Today is the 50th anniversary of the night Wilt Chamberlain scored 100 points for the Philadelphia Warriors in a 169-147 win over the New York Knicks in Hershey, Pa. Gary Pomerantz's 2006 book, Wilt, 1962: The Night of 100 Points and the Dawn of a New Era, remains the most authoritative account of what happened, but this week the Philadelphia Daily News published an oral history in which writer Mark Kram talked to a number of those who were there, including then-Eagles quarterback Sonny Jurgensen, who had joined some of his teammates in a pre-game scrimmage against members of the Baltimore Colts.

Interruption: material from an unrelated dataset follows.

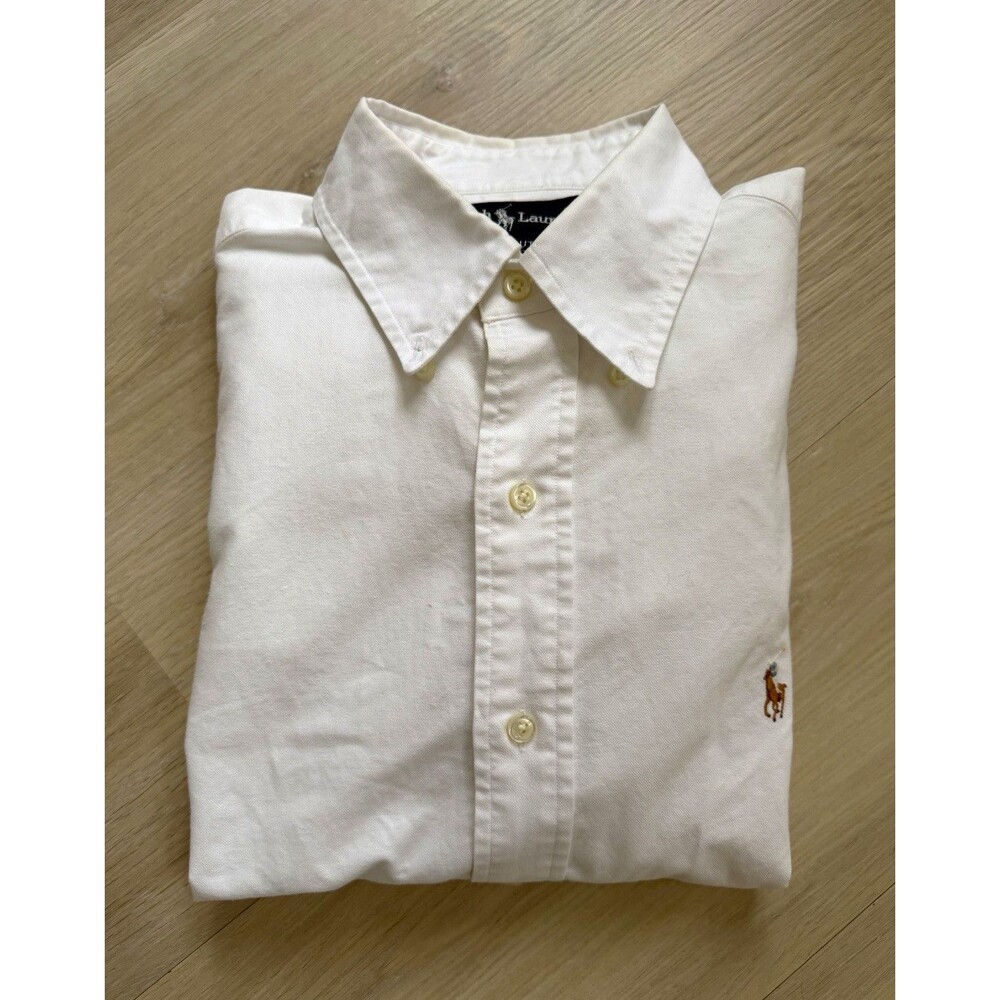 Ralph Lauren Yarmouth Men Classic Fit Dress Shirt White Solid Cotton 15.5 34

Highlights from the Daily News's account include Knicks center Darrall Imhoff, who is still sore about how Wilt reached his milestone:

They let him pour it on. Once he broke the scoring record, which was 70-some points, he should have come out of the game. They were ahead. Heck, they ended up beating us, 169-147. We were irritated. [...] What happened was the game became crazy. The Warriors started fouling us intentionally in the backcourt just to stop the clock just so they could get the ball back in order for him to shoot.

Pomerantz, on whether the loose rims at the Hershey Arena helped Chamberlain—a career 51-percent free-throw shooter—make 28 of his 32 foul shots that night:

There was something to it. I spoke with people in Hershey and was told by them that when the circus came to town and played there, they pushed these baskets to the side of the arena. And kids would sneak in during the off hours. They would bring a basketball, and they would borrow the clown's springboard. And they would do these running jumps, bounce off the springboard and fly through the air like little Wilt Chamberlain. And they would dunk the ball. But as they were coming down, they would grab the rim and hold onto them, then fall catlike to the ground. So they were working those rims.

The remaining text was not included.